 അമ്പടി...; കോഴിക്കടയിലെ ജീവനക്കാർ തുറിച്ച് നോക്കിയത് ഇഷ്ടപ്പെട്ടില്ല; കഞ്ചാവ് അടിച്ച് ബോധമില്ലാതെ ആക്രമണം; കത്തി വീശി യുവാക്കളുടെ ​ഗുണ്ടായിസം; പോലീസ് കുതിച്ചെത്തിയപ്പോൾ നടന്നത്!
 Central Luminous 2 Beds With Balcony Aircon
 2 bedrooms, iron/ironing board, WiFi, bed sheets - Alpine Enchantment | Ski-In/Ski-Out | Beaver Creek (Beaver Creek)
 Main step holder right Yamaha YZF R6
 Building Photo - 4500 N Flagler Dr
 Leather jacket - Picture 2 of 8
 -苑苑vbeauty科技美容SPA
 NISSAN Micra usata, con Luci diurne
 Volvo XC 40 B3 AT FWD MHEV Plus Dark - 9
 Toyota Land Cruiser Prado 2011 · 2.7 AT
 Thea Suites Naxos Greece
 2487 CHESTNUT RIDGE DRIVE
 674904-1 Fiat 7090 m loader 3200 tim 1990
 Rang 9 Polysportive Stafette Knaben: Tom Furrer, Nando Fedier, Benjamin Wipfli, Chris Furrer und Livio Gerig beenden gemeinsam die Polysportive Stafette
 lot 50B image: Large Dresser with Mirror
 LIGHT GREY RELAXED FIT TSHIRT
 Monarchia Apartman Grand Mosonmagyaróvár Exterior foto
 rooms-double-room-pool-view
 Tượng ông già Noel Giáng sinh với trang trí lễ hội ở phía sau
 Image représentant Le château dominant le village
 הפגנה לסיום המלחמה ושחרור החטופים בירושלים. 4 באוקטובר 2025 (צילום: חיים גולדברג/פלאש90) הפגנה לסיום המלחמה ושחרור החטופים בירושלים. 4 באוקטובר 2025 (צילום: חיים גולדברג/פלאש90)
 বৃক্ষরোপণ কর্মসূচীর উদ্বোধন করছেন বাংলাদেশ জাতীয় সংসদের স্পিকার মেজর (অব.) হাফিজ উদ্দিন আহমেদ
◆ ◆ ◆ ◆ ◆ ◆ ◆
EXERCISE REQUIREMENTS | Restate the final lines of the listing above word for word, beginning at the line that contains "חיים גולדברג/פלאש90) הפגנה".

RESPONSE TO THIS TASK |
 הפגנה לסיום המלחמה ושחרור החטופים בירושלים. 4 באוקטובר 2025 (צילום: חיים גולדברג/פלאש90) הפגנה לסיום המלחמה ושחרור החטופים בירושלים. 4 באוקטובר 2025 (צילום: חיים גולדברג/פלאש90)
 বৃক্ষরোপণ কর্মসূচীর উদ্বোধন করছেন বাংলাদেশ জাতীয় সংসদের স্পিকার মেজর (অব.) হাফিজ উদ্দিন আহমেদ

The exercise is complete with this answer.